What the task requires:
Your answer must match, word for word, the lines from the one holding "Danfoss Verteilerstation UnoFloor" through the final line below, with pictures excluded.

**** Excerpted data ****

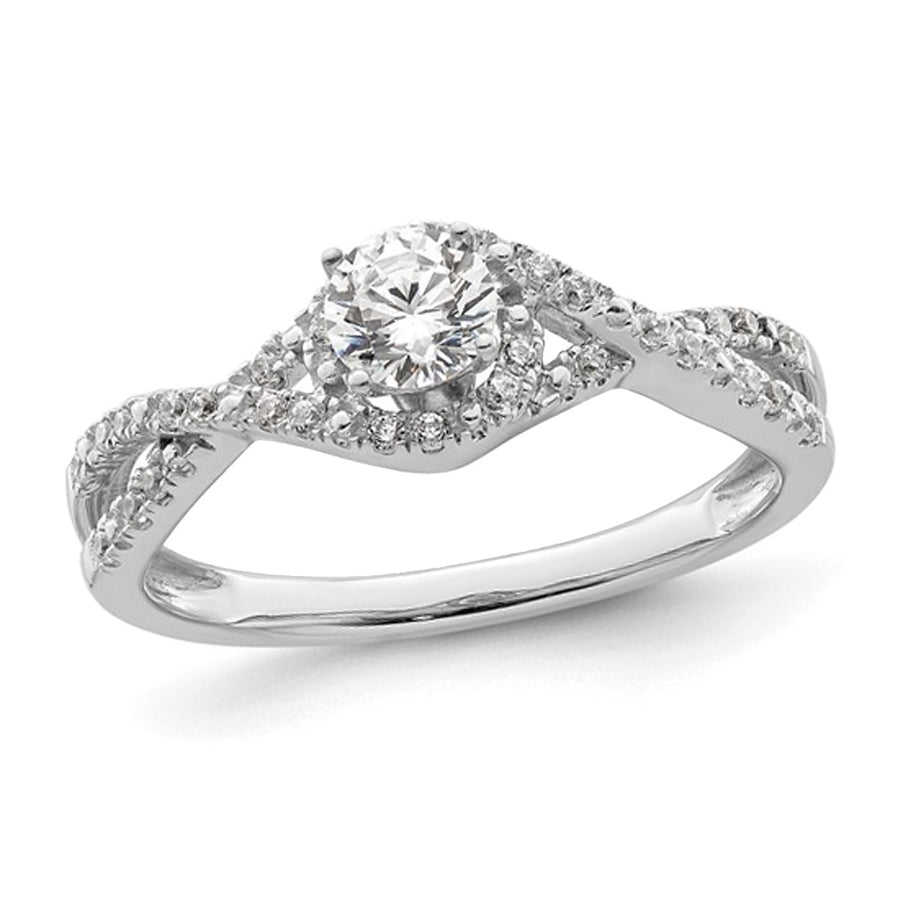 1/2 Carat (ctw I1-I2) Diamond Engagement By-Pass Ring in 14K White Gold Image 1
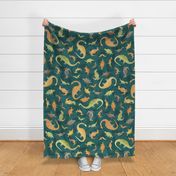 Ditsy Dinos Extra Large Dark Green- Happy Dinosaurs Coordinate- Adventure- Orange- Green- Yellow- Brown- Home Decor- Wallpaper2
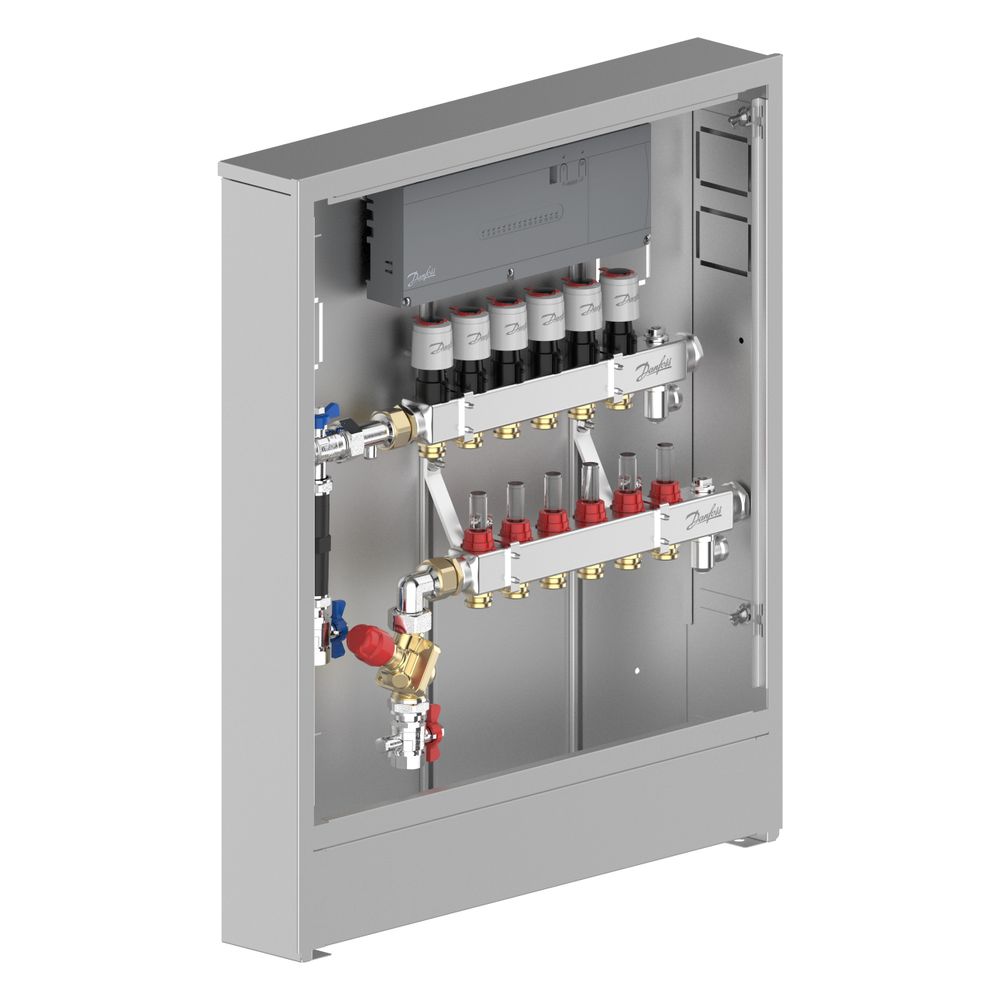 Danfoss Verteilerstation UnoFloor Control 6L, 6 Heizkreise, links, mit AB-PM-Set und ... DANFOSS-088X3646 5715162804261 (Abb. 3)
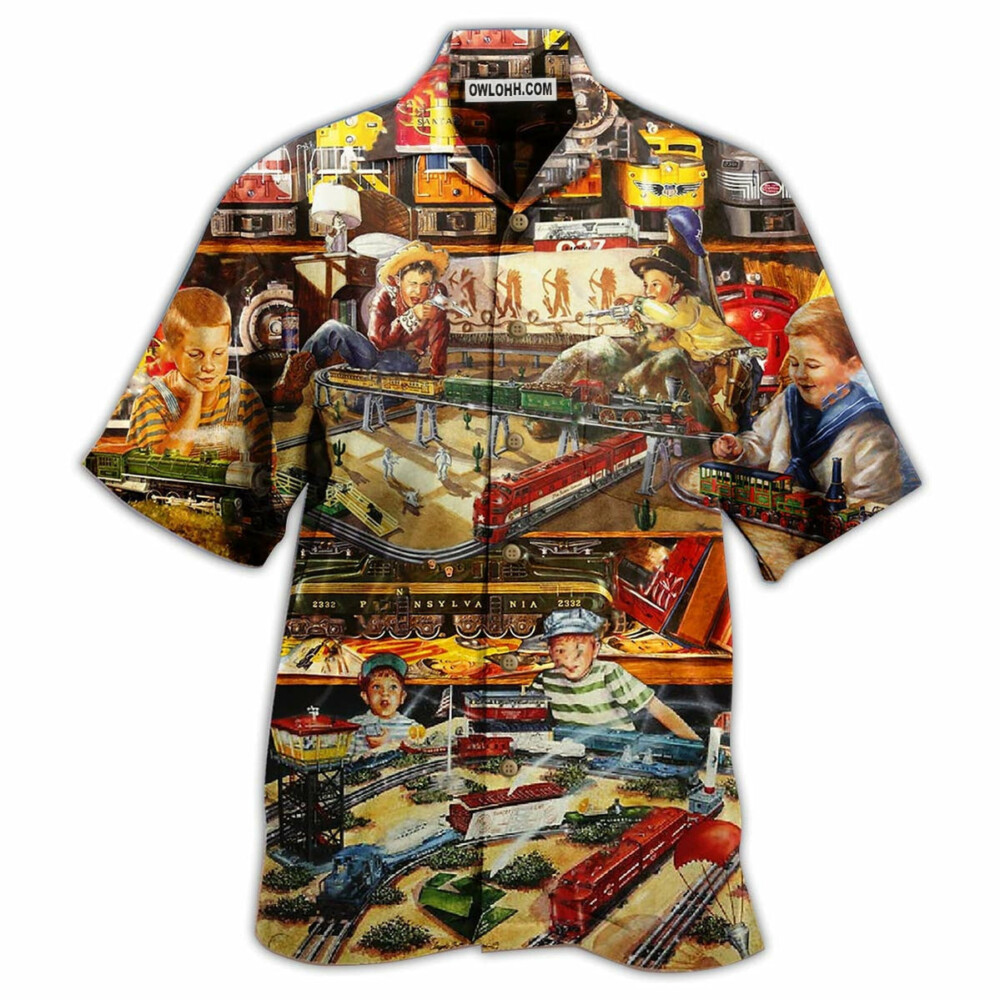 Train Toys Amazing Vintage Style - Hawaiian Shirt - Owl Ohh - Owl Ohh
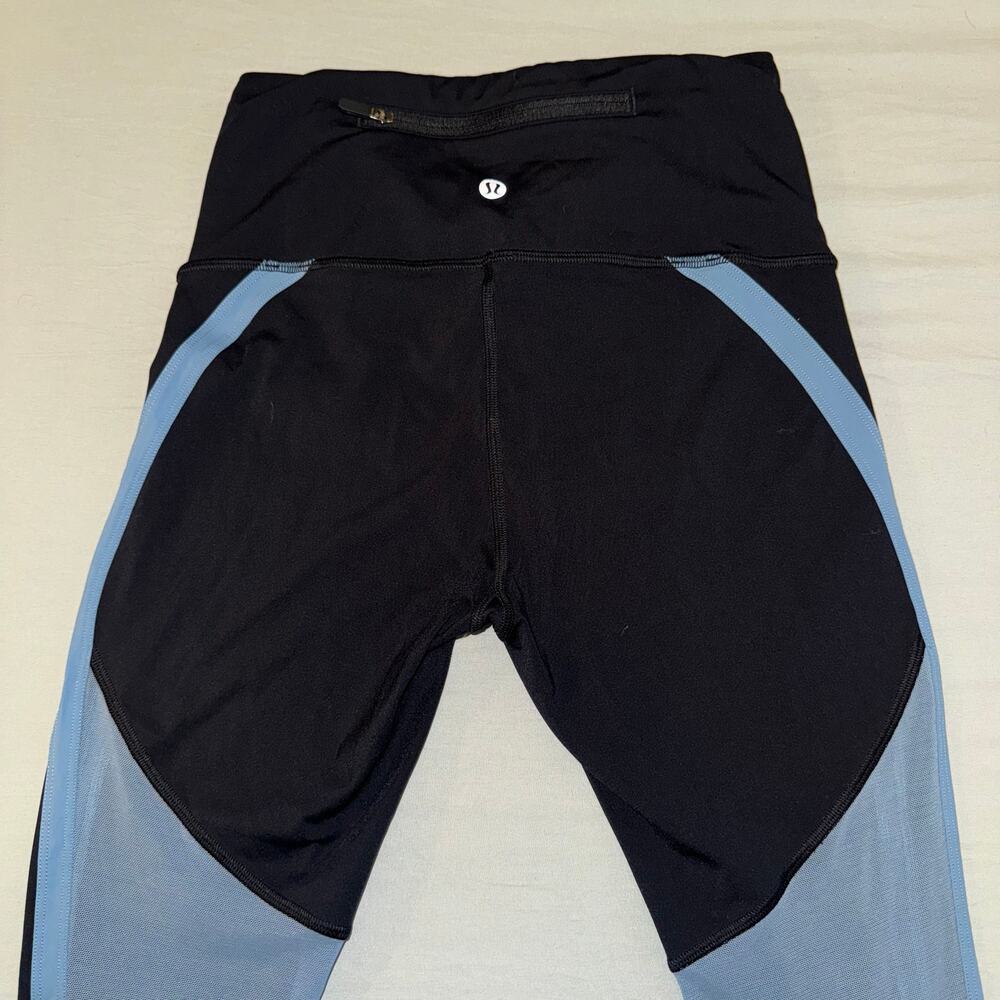 Lululemon Pants Blue/Black‎ Zip Line Crop Reflective Mesh Legging Women's Size 4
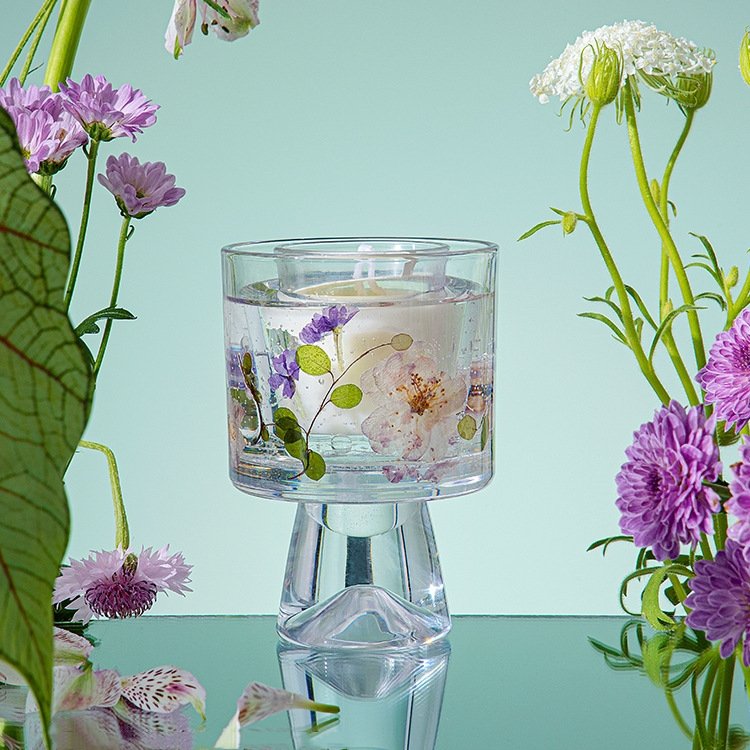 Home Decoration Wholesale Custom Aroma Private Label Soy Wax Printed Clear Glass Jar Holder Scented Candle for Gift Set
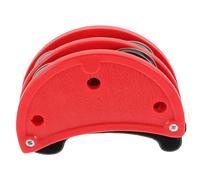 LIFKOME Portable Foot Tambourine for Performances and Practice Sessions with Double Row Jingles Bell in Red Plastic and Metal, Enhancing Music Experience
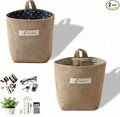 Machine Washable Hemp Cotton Hanging Organizer for Door, Wall & Bedside. Space Saving Storage Pockets, Heavy Duty 15lb Anti-Slip Design for Home & Office (Blue dot)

****

Exercise answer:
 Danfoss Verteilerstation UnoFloor Control 6L, 6 Heizkreise, links, mit AB-PM-Set und ... DANFOSS-088X3646 5715162804261 (Abb. 3)
 Train Toys Amazing Vintage Style - Hawaiian Shirt - Owl Ohh - Owl Ohh
 Lululemon Pants Blue/Black‎ Zip Line Crop Reflective Mesh Legging Women's Size 4
 Home Decoration Wholesale Custom Aroma Private Label Soy Wax Printed Clear Glass Jar Holder Scented Candle for Gift Set
 LIFKOME Portable Foot Tambourine for Performances and Practice Sessions with Double Row Jingles Bell in Red Plastic and Metal, Enhancing Music Experience
 Machine Washable Hemp Cotton Hanging Organizer for Door, Wall & Bedside. Space Saving Storage Pockets, Heavy Duty 15lb Anti-Slip Design for Home & Office (Blue dot)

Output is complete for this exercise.